I expected improve in run time due to increased GPU load and decrease in CPU time also due to less work for CPU to do.

But almost all what I got is sharp increase in CPU time. If before change CPU time constituted only small part of elapsed time, now CPU time almost equal elapsed. That is, almost 100% of CPU usage during whole app run.

I tried to avoid such CPU usage putting working thread into sleep before sync points - no success.
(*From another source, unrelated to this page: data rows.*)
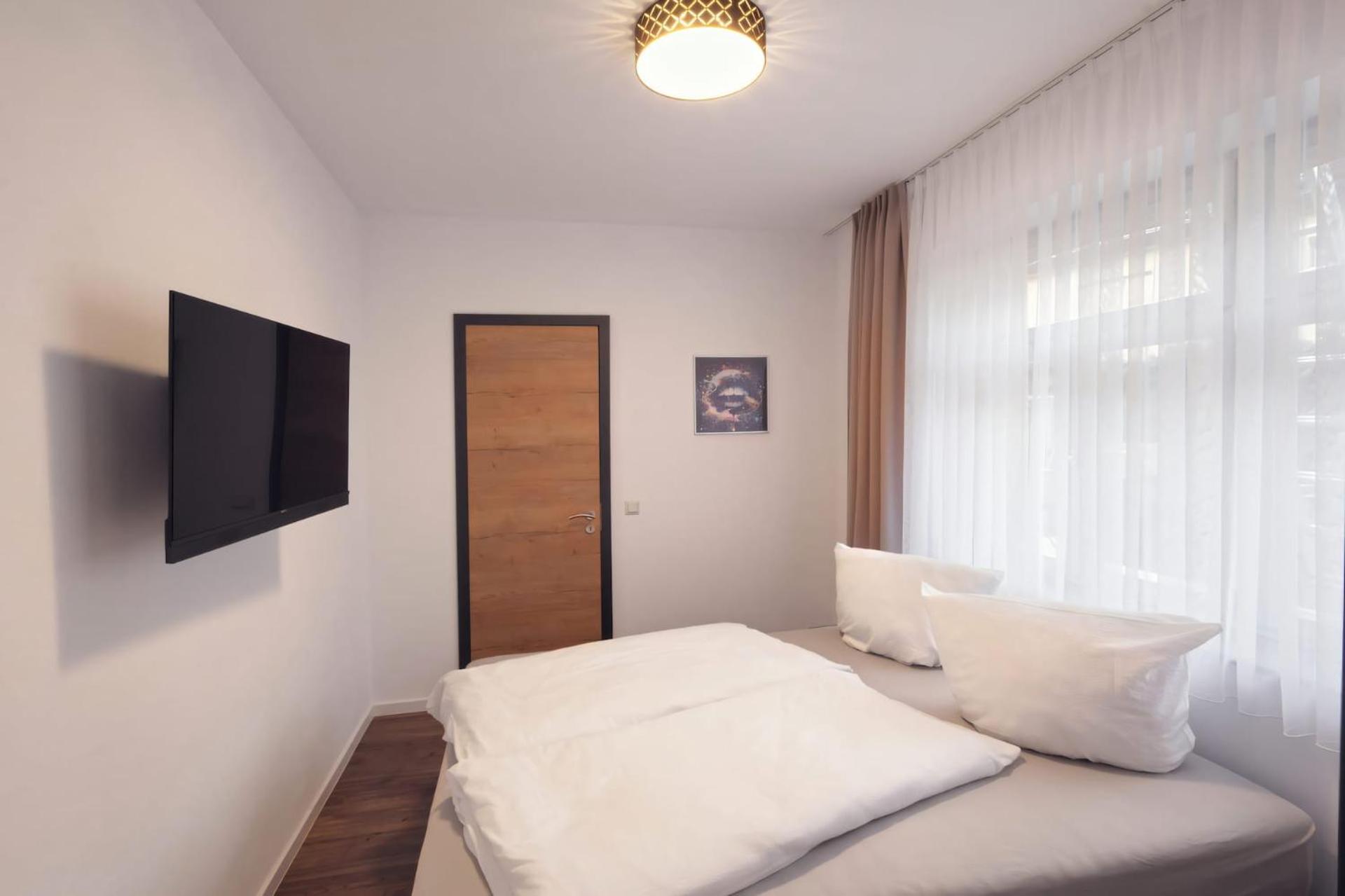 Ferienquartier- Forsthaus Apartman Bad Gottleuba Kültér fotó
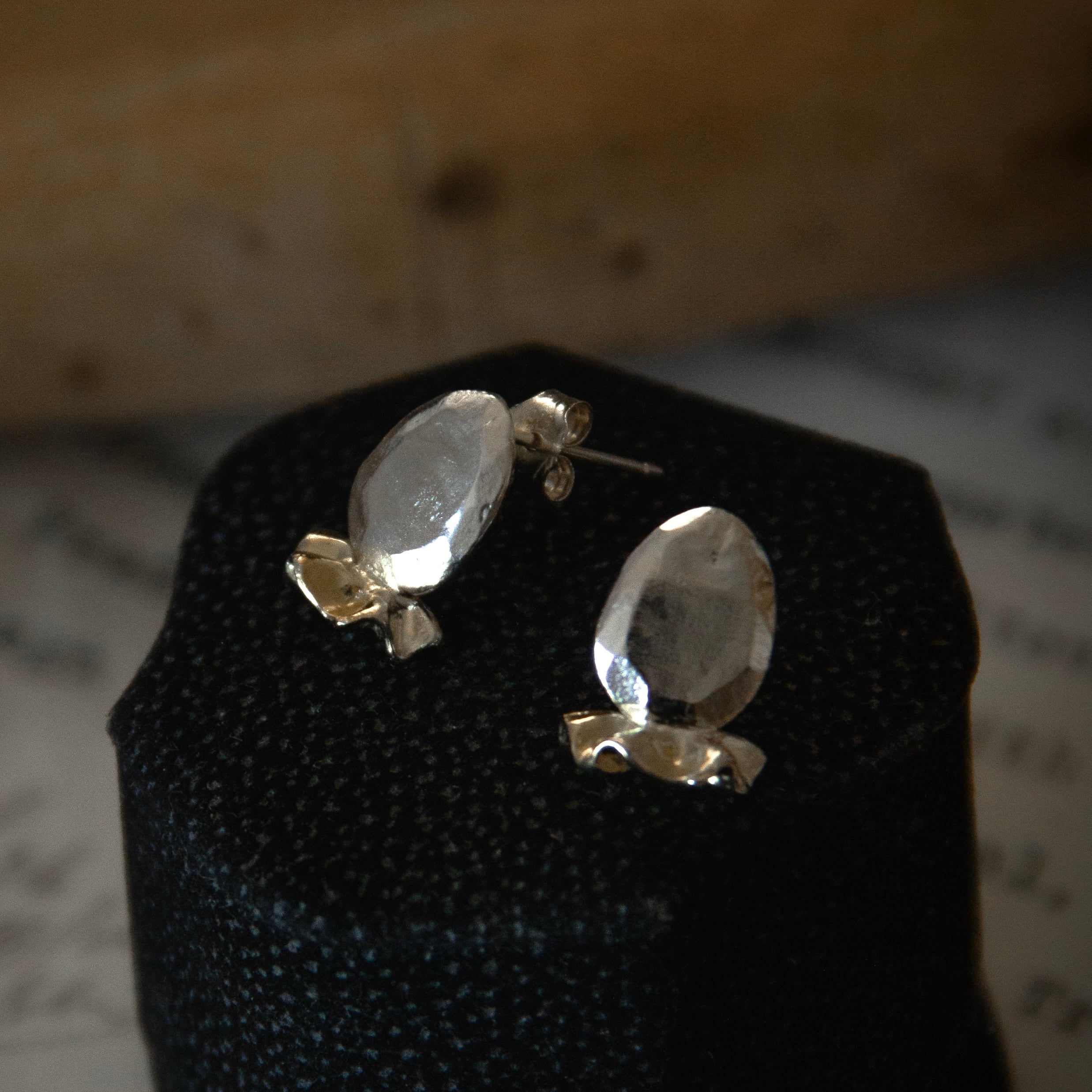 ローズカット・ピアス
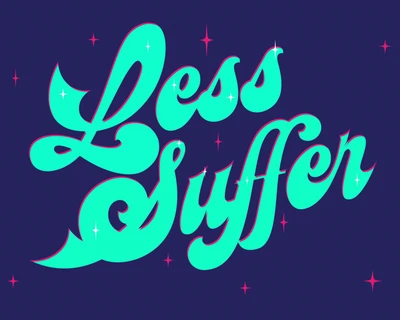 Lettro | Retro Layered Script font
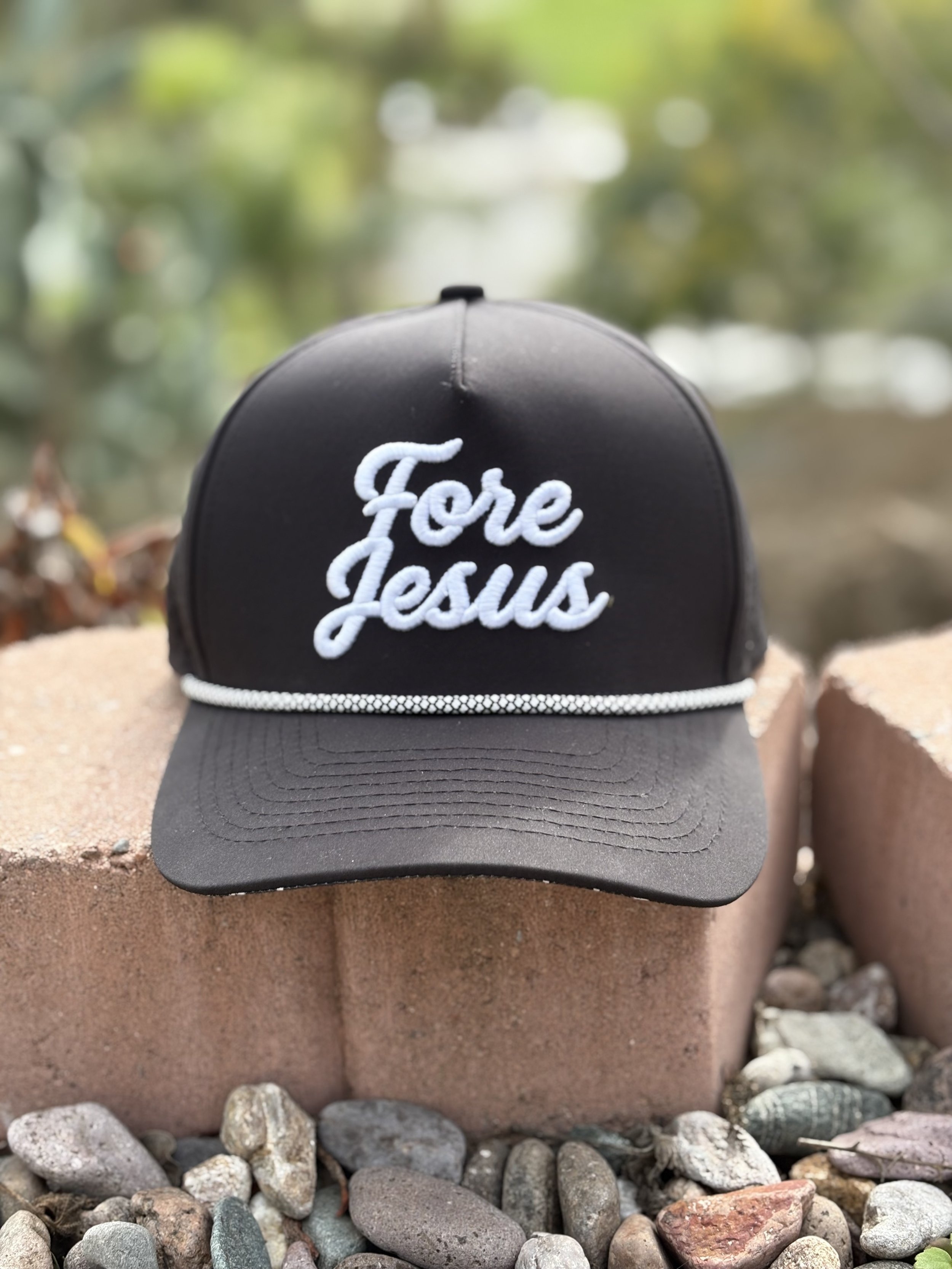 Fore Jesus Hat 2.0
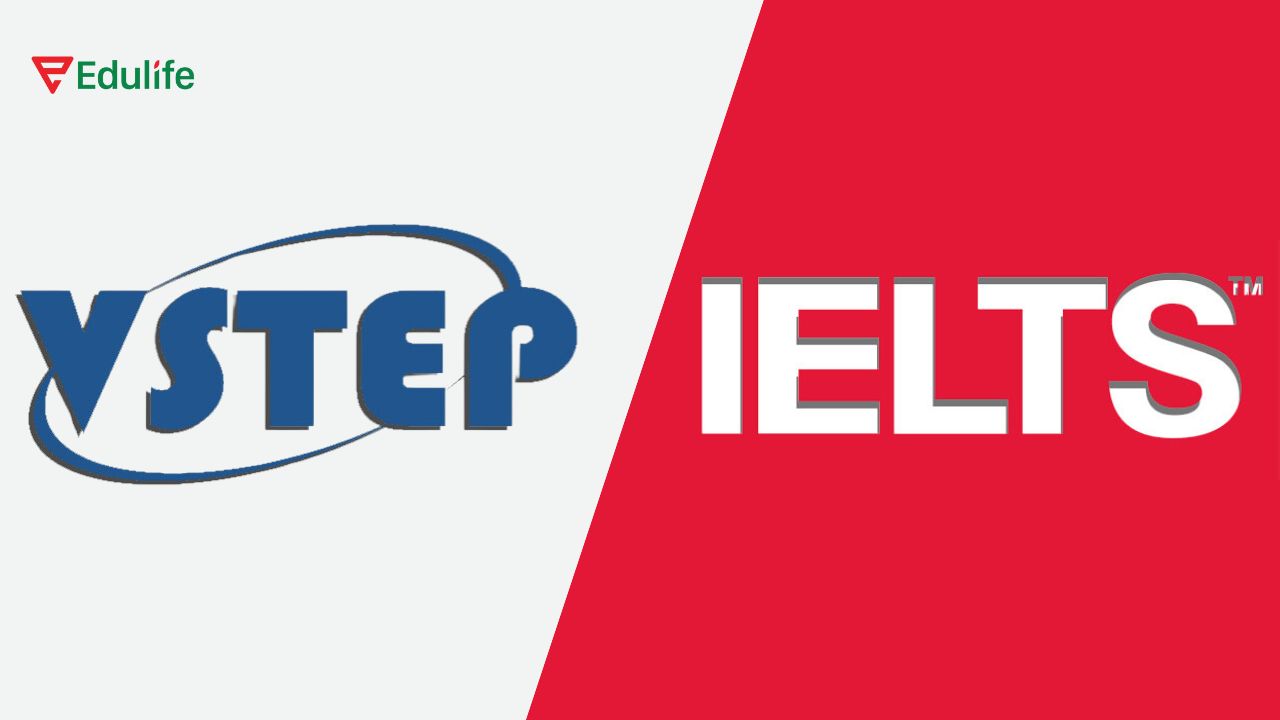 IELTS thường được đánh giá khó hơn so với VSTEP
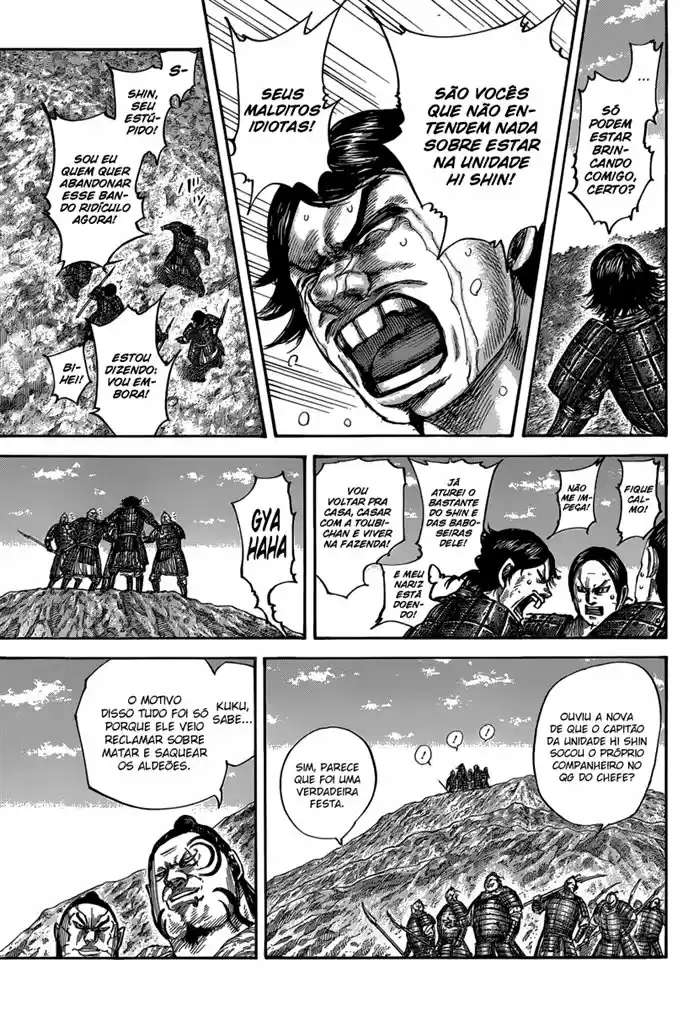 Read Kingdom Português Manga Online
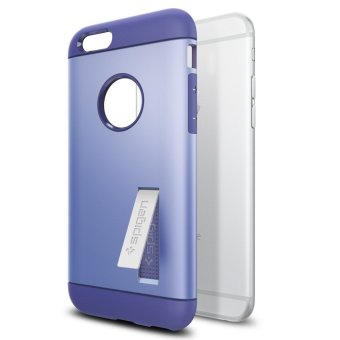 SPIGEN เคส Apple iPhone 6s Plus / 6 Plus Case Slim Armor (Violet) SPIGEN เคส Apple iPhone 6s Plus / 6 Plus Case Slim Armor (Violet)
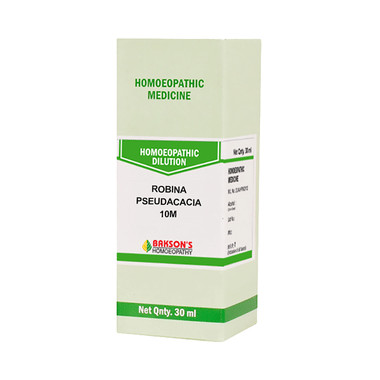 Bakson's Homeopathy Robina Pseudacacia Dilution 10M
While logs show that app reads event and sleep until it get corresponding status, CPU time not decreased.

So, I used ProcessExplorer to find who is consuming CPU. It was AMD driver thread with next stack:

KERNELBASE.dll!WaitForSingleObjectEx+0x98

kernel32.dll!WaitForSingleObjectEx+0x43

kernel32.dll!WaitForSingleObject+0x12

amdocl.dll!oclGetAsic+0x511eb

amdocl.dll!oclGetAsic+0x4883d

amdocl.dll!oclGetAsic+0x678fc

amdocl.dll!oclGetAsic+0x675d9

amdocl.dll!oclGetAsic+0x612a9

amdocl.dll!oclGetAsic+0x48560

amdocl.dll!oclGetAsic+0x40dc2

amdocl.dll!oclGetAsic+0x3fd49

amdocl.dll!oclGetAsic+0x3a677

amdocl.dll!oclGetAsic+0x313e

amdocl.dll!oclGetAsic+0x3326

amdocl.dll!clSetKernelExecInfo+0x57c8f

amdocl.dll!clSetKernelExecInfo+0x4bd67

amdocl.dll!clSetKernelExecInfo+0x3087b

amdocl.dll!clSetKernelExecInfo+0x5628

amdocl.dll!clSetKernelExecInfo+0x56c6

amdocl.dll!clSetKernelExecInfo+0x143d

amdocl.dll!clSetKernelExecInfo+0x1656c

kernel32.dll!BaseThreadInitThunk+0x12

ntdll.dll!RtlInitializeExceptionChain+0x63

ntdll.dll!RtlInitializeExceptionChain+0x36

picture clearly shows that this thread is main CPU consumer for the app's process:

So the question is - how to avoid such behavior? It seems that w/o big number of sync points between GPU and host code AMD driver goes mad and starts to use whole CPU core for own needs.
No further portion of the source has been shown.